Across from me at another table  I watch an older Oriental lady sipping beer and fanning herself. There is something quite elegant or regal about who she might be. The airport is full of milling,  shopping people of all descriptions. We blend in easily, two more travelers bound for somewhere else with no desire to visit or actually purchase anything in the "Duty Free"
No, we have enough stuff already.
In the lounge for our flight a young couple, white, among all the black faces, each speak to us. They are Cameroonian residents, working in a school in Yaounde, both born in Africa, she speaks with an Illinois accent. Super friendly and offering much info about Cameroon I'm struck again by the reality of actually being somewhere as opposed to  reading the warnings from the state department on the net.
My experience of people everywhere is that they are friendly.  A stern or seemingly unfriendly stare or gaze is often disarmed with a simple hello. And, placing oneself in challenging or compromising situations puts you at risk . Obviously.
On the bus to Bamenda I take a seat at the back so I can sit more comfortably. The guy beside me is huge and intimidating looking. I offer my hand to shake and he shares his trouble sitting in the cramped seats. His two boys perched beside him stare unashamedly at me for most of the trip.

The terrain is a visual feast; dense jungle looks like a lot of trees and undergrowth, the occasional plantation of banana, oil palm or coconut completely engulfed by the vines and miscellaneous greenery that seems to take about a week to reassert itself. Along the road to Yaounde there were smashed (usually front end) abandoned cars about every 5 km interspersed occasionally with trucks like dead animals, their wheels in the air, in the ditches and rolled down the banks. No buses thankfully.
Many of the towns along the way have speed bumps along with disrepair and considerable gaps in the road (pot hole does not begin to describe them) which, depending on how adroitly our driver swerves, has me airborn or looking down at the ground. That and the near misses of passing vehicles drives me to reading my e reader. That is when I'm able to focus on the jerking screen.
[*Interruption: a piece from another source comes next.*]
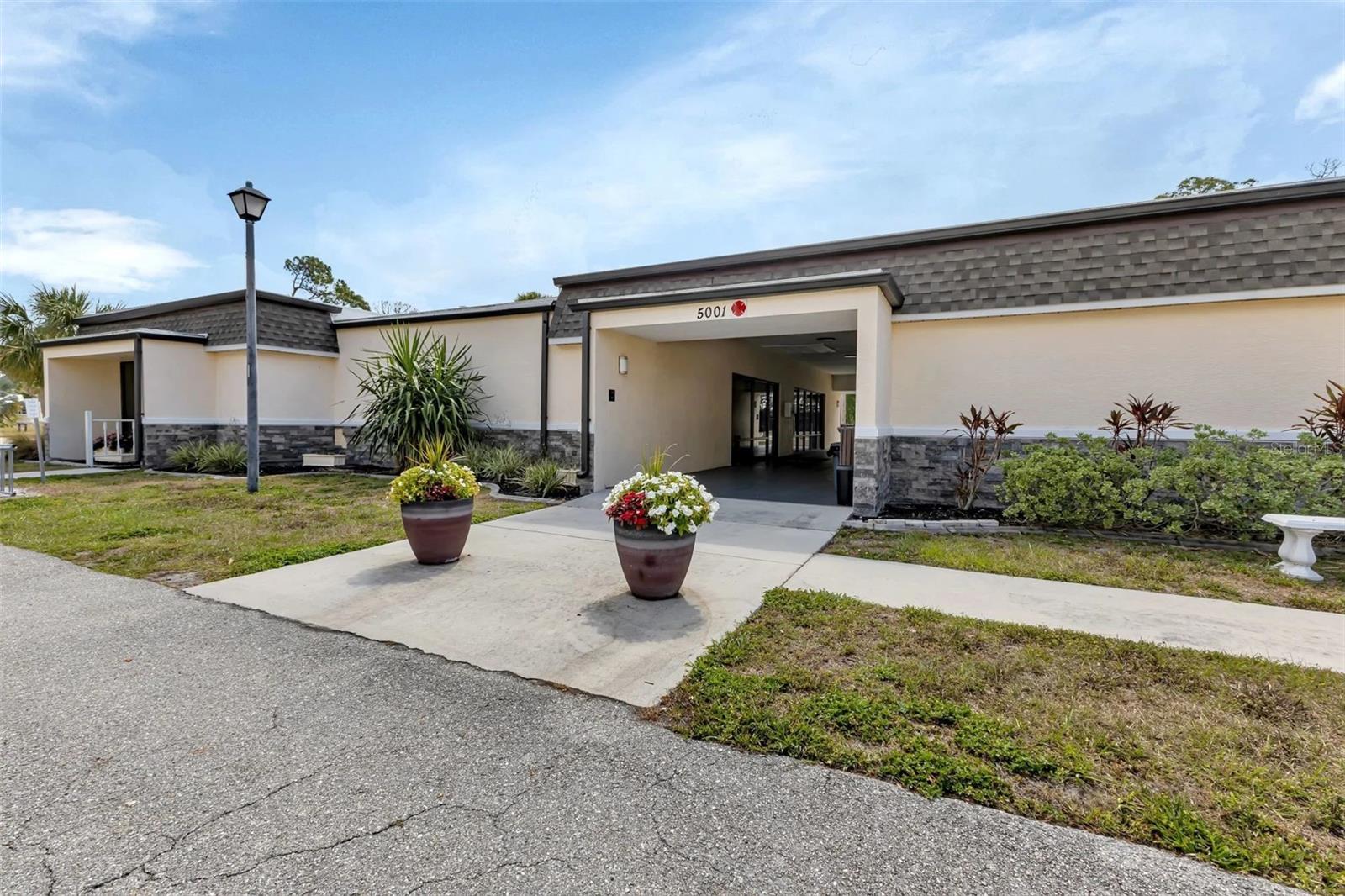 HOLIDAY PARK - Residential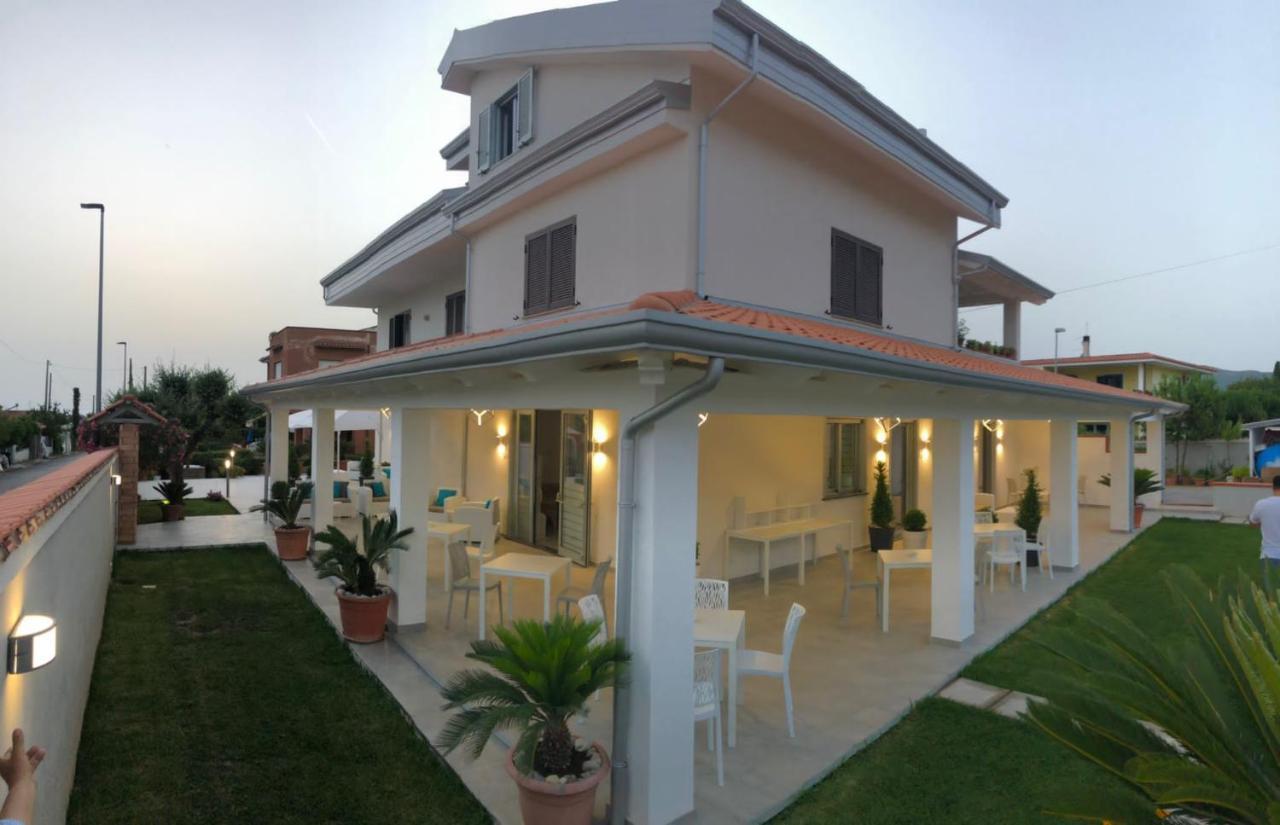 Invilla Bed&Breakfast - Quality Rooms Santa Maria di Castellabate Ngoại thất bức ảnh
When we stop halfway (maybe!)  the food vendors are all over us  Most can speak some English, pidgin and French so we are able to understand... mostly.  Cassava in a long sausage shape, roasted plantain,
a peanut or pistachio paste wrapped in a banana leaf with hot spices and a  small purple eggplant looking fruit I saw in the trees that's roasted then eaten cold. Try and find that at home!